Parents, the magazine, describes a helicopter parent as “a style of parents who are over focused on their children.” It continues to quote Carolyn Daitch, Ph.D., “They typically take too much responsibility for their children’s experiences and, specifically, their successes or failures.”

The parenting I received may be because I grew up in two different houses; learning two different belief systems, experiencing two different lifestyles.

I was taught to be self-sufficient. If I didn’t do my homework, it was my fault, not my parents’. Reminding me to get it done was not their responsibility, it was mine – my job.

When I went out for sports or any extracurricular activities, it was always on my own accord. I was expected to be involved, but I chose what I wanted and my parents always supported me, never pressured me.

This all translated into me being my own person. I was growing up after all and didn’t need my parents treating me like a toddler throughout my school years. Basically by middle school my parents were done intervening in the educational part of my life.

Unfortunately, as I will show looking at new studies, a lot of parents are not quite done intervening in their children’s educational endeavors.

What is even worse than the fact that parents are not done meddling in their child’s education is the emotional effects that it’s causing these children when they are out on their own in college.

A 2010 study showed that students with helicopter parents were not as open to new ideas and actions, were more vulnerable, self-conscious, and anxious compared to students who were not constantly monitored by their parents, according to a Slate article titled “Kids of Helicopter Parents are Sputtering Out.”

The sad fact is that I have seen this happen with more than one of my friends or classmates. The incredibly academic overbearing parents have produced children who do not know how to make their own decisions, make academic deadlines or know how to talk to a professor.

And what happens? When faced with making their own decisions or with writing their own paper for once, they made irrational decisions that aren’t really working out for them. Their real “first paper,” received a C or D because they didn’t know how to structure it or proofread it by themselves.

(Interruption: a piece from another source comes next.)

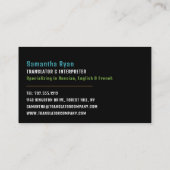 Carte De Visite Bonjour logo, traducteur et interprète (Dos)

In Psychology Today’s article, “Helicopter Parenting-It’s Worse Than You Think,” parents are getting way too involved. Not only are parents emailing their child’s professors or “helping” them on their classwork, parents are actually calling graduate admission officers and putting in a good word for their child.

No; just no. I would probably never show up in a specific class again if my parents emailed my professor about my academic performance.

If they called a school thinking they were helping me get in…just no. That is overstepping boundaries and embarrassing the student they are vouching for.

I am currently thanking my lucky stars, and you should too, if your parents let you grow up without having an overbearing academic grip on you.

Now that is not to say that my parents didn’t at least hover in other ways, like in my personal and public life (helping me make good decisions), but looking back, I absolutely do not envy my friends whose parents wrote their papers or did their projects for them. They were a small price to pay for some self-reliance.